- **EXERCISE BRIEF**: Copy the lines below exactly, starting at the one with "Geranium Anne Thompson" and ending at the one with "花の白さが目立ちます セイロンライティア 楽餓鬼", and leave out any picture.

- **DATA SHOWN**:
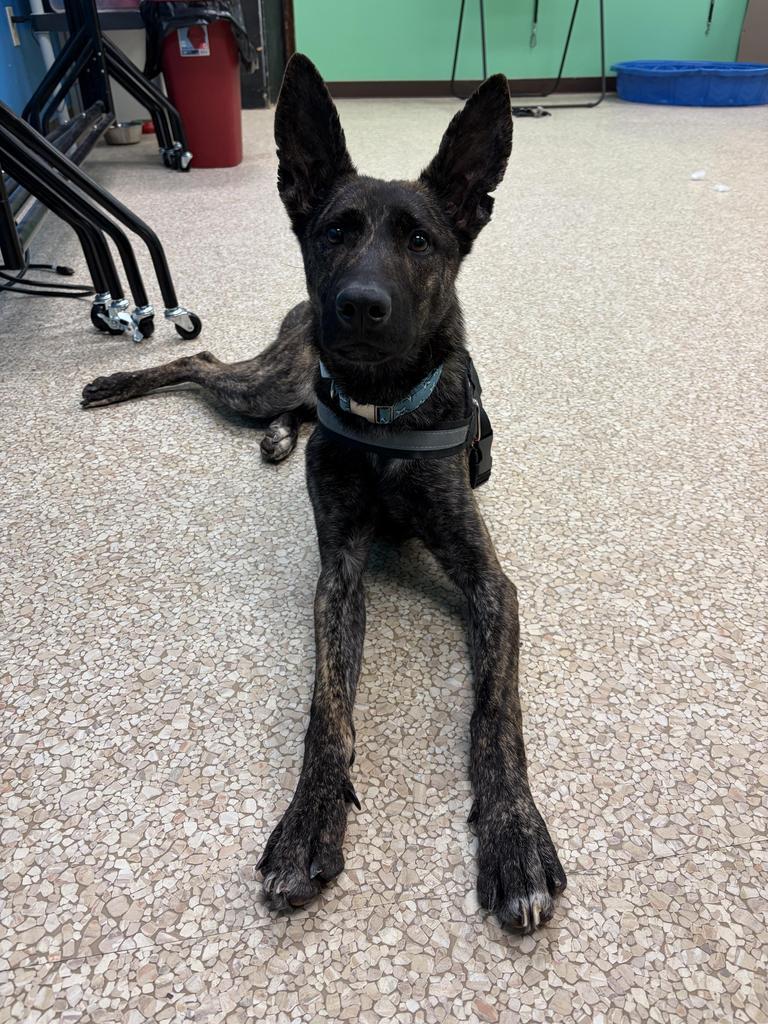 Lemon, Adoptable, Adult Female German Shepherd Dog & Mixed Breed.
* * *
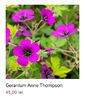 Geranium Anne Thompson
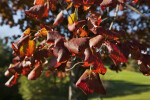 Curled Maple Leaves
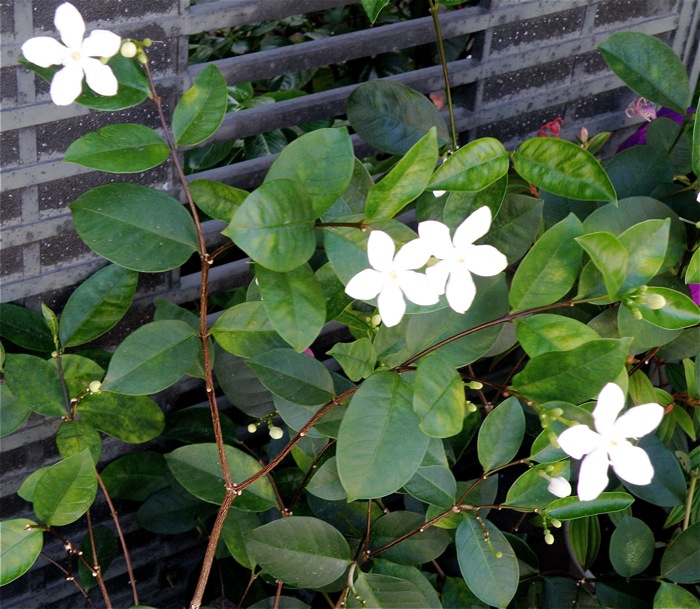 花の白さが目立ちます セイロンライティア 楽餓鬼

- **OUTPUT OF THE TASK**:
 Geranium Anne Thompson
 Curled Maple Leaves
 花の白さが目立ちます セイロンライティア 楽餓鬼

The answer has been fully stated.